For cross-border merchants, payment methods are a particularly important part of e-commerce localization. To facilitate this, payment orchestration providers like PayU offer universal payment checkout options that allow merchants to offer the payment methods their customers want to use.
The presentation of available payment methods is based on rules set by the merchant. Merchants can offer different payment methods in different markets, depending on the local payment partners with whom the payment orchestration provider is integrated.
Orchestrating at this level requires having a global payment platform that can connect to multiple local payment providers; integrate with anti-fraud services for customer verification; and do it all through a payment gateway that provides an easy and high-quality checkout experience for the e-commerce customer.
Stage 2: Routing
After the customer enters their payment information is where the fun starts – and where payment orchestration really earns its stripes.
That’s because every online transaction must be routed through a maze of vendors and payment verification checkpoints before it can be completed successfully, and it’s in the routing phase where costs can really pile up. It’s also where payments have the highest chance of not going through.
Let’s think about it this way: every online transaction is sent through a payment gateway to a payment processor, who is responsible for routing it through all of the necessary steps to complete the payment. It’s up to the payment processor to determine how the payment will be routed.
But many payment processors are limited in terms of geography, the types of payment methods they can support, or the options they have for routing payments. As a result, merchants who are active in multiple markets might find themselves working with different payment processors for different markets. In addition to getting expensive, this can make it difficult to process payments efficiently. It can also lead to a lot of declined payments, should any links in any individual provider’s routing network fail.
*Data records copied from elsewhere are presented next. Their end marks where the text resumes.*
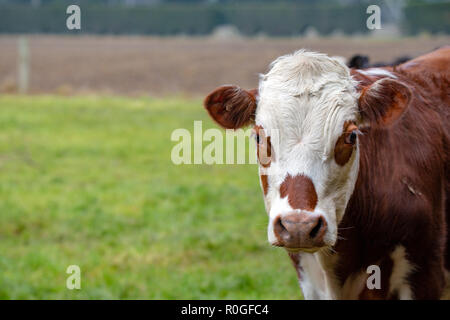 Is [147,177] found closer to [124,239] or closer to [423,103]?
[124,239]

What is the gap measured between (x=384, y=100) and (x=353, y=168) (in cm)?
40

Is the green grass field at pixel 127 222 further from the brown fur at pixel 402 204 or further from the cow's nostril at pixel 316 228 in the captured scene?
the cow's nostril at pixel 316 228

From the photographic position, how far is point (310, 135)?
351cm

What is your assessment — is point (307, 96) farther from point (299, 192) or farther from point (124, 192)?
point (124, 192)

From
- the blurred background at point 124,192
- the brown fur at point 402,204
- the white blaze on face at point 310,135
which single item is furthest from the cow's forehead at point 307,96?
the blurred background at point 124,192

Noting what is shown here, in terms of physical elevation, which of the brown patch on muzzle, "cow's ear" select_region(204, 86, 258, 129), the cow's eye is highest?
"cow's ear" select_region(204, 86, 258, 129)

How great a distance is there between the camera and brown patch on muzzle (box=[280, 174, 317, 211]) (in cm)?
336

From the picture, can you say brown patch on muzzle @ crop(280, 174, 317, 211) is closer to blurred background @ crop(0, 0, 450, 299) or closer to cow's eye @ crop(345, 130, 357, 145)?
cow's eye @ crop(345, 130, 357, 145)

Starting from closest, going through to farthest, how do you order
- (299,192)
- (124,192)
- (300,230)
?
1. (300,230)
2. (299,192)
3. (124,192)

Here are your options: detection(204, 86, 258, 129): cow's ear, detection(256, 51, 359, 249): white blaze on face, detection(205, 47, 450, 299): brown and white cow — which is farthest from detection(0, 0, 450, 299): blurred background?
detection(256, 51, 359, 249): white blaze on face

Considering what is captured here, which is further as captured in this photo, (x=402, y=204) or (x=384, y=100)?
(x=402, y=204)

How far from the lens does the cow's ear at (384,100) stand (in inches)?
146

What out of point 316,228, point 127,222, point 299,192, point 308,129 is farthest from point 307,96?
point 127,222

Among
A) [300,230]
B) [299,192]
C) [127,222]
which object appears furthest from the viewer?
[127,222] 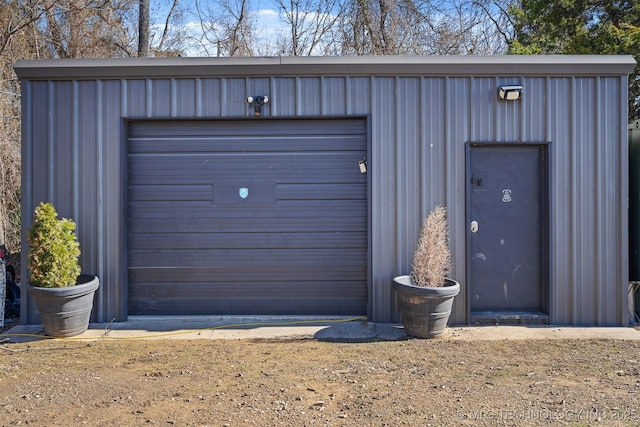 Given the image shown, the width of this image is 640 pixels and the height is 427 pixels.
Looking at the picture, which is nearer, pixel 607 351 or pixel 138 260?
pixel 607 351

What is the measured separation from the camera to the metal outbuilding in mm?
5809

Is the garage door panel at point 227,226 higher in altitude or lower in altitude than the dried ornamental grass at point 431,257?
higher

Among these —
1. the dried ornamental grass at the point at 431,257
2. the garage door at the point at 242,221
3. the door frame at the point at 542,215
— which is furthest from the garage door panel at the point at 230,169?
the door frame at the point at 542,215

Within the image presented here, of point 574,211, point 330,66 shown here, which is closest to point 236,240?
point 330,66

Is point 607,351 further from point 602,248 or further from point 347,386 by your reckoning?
point 347,386

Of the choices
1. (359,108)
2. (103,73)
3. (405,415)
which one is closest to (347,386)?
(405,415)

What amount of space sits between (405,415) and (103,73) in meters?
4.82

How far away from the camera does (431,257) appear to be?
523 cm

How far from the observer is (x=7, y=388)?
3.98 metres

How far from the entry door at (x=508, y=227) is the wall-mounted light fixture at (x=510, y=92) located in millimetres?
550

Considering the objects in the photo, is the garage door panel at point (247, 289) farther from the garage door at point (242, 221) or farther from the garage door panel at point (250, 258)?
the garage door panel at point (250, 258)

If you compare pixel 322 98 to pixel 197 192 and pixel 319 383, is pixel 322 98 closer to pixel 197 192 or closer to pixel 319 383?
pixel 197 192

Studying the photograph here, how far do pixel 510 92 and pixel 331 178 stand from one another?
221 centimetres

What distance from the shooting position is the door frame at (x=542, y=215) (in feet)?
19.1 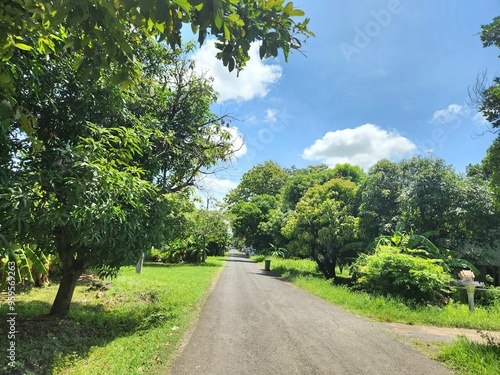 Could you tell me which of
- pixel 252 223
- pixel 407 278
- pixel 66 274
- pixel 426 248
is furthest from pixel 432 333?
pixel 252 223

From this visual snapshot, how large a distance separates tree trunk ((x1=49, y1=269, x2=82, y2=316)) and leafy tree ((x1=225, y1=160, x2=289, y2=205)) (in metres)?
45.3

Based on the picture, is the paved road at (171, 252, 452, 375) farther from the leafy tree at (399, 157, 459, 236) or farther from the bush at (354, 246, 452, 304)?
the leafy tree at (399, 157, 459, 236)

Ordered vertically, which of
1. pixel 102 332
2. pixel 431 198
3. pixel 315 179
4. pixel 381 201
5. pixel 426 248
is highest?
pixel 315 179

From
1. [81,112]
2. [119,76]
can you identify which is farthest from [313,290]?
[119,76]

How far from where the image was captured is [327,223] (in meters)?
18.9

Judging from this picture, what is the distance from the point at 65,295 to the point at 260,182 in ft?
152

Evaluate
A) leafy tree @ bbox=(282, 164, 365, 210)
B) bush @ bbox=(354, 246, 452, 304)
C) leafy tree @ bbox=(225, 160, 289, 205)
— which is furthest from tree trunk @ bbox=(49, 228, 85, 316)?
leafy tree @ bbox=(225, 160, 289, 205)

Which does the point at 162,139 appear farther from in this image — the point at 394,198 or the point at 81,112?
the point at 394,198

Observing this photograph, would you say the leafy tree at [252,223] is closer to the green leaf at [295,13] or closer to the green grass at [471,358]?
the green grass at [471,358]

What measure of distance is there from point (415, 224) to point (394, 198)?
193 cm

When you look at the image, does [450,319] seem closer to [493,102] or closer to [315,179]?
[493,102]

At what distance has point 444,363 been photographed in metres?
5.25

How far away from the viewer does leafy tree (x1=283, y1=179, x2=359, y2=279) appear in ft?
59.8

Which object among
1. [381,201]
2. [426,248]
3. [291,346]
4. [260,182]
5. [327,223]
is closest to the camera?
[291,346]
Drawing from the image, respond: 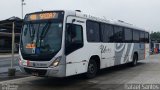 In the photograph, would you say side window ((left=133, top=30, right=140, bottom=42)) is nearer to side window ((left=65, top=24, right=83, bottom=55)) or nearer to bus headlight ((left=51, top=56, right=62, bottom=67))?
side window ((left=65, top=24, right=83, bottom=55))

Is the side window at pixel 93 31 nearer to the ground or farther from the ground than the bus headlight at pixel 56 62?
farther from the ground

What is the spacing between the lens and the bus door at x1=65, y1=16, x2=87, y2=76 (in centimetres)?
1132

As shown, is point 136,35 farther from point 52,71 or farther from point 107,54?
point 52,71

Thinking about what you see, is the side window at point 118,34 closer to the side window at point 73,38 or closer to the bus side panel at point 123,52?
the bus side panel at point 123,52

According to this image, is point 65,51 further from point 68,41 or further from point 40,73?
point 40,73

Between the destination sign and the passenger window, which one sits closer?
the destination sign

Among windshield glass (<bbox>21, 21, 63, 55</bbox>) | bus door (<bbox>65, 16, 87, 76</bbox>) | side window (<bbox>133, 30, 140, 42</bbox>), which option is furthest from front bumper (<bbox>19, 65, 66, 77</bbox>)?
side window (<bbox>133, 30, 140, 42</bbox>)

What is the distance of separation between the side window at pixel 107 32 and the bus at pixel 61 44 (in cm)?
14

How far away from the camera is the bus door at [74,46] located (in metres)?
11.3

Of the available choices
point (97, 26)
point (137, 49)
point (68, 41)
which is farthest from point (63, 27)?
point (137, 49)

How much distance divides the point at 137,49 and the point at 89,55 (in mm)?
8230

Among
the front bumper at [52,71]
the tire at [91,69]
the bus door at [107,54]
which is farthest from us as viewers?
the bus door at [107,54]

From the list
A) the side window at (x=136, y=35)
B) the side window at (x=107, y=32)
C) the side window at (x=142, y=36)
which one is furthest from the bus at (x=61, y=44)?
the side window at (x=142, y=36)

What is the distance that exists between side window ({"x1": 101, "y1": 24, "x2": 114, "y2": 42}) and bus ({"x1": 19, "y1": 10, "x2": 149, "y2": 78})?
14 cm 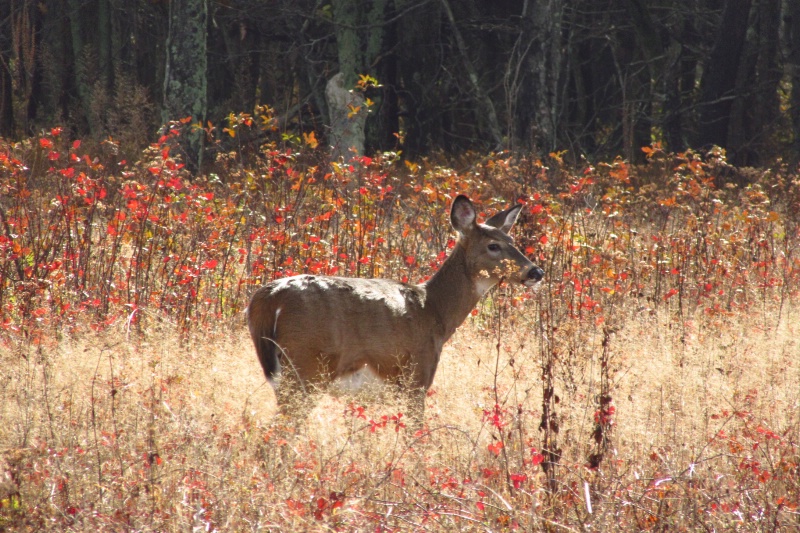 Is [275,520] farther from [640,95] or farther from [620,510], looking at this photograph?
[640,95]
Payment orchestration is designed to address these common challenges by integrating multiple payment providers together into one global routing platform. Leveraging AI-based tools, payment orchestration helps businesses optimize routing traffic while saving payments that may otherwise have failed.
An orchestration platform, for example, can learn what the highest converting routing routes for certain types of payments and their respective merchants are, and then choose the optimal routing configuration based on this information.
Merchants can also set customized routing rules in order to optimize payment flows. Many businesses have hard or soft rules implemented by the routing engines they use. For example, if a merchant has multiple entities and provider relationships, they might decide to route certain currencies through a particular provider. To prevent failed payments, merchants can set up a retry policy to try declined payments through another provider.
Orchestrating at the routing level involves having multiple payment providers, as well as multiple merchant account relationships that work independently and without financial penalty. Smart routing technology is the engine that makes it all go, by optimizing payment traffic through the routing network based on merchant rules, machine learning, and more.
Stage 3: Settlement
A payment is completed when the funds end up in the merchant’s bank account. Prior to settlement, merchants naturally want the smallest amount possible skimmed off while maximizing sales and reducing chargebacks. This is where it’s essential to have a payment provider with an ideal merchant-friendly solution for settlements.
Transferring money across a number of currencies becomes less expensive if businesses can pay it out in the local currency and avoid the cost of currency conversion (FOREX). Then they can move the money back to their preferred base currency, at an exchange rate that works best.
At this level, payment orchestration focuses on making sure that the merchant can control how the money gets from the payment processor to their bank account – in the right currencies, at the correct rates.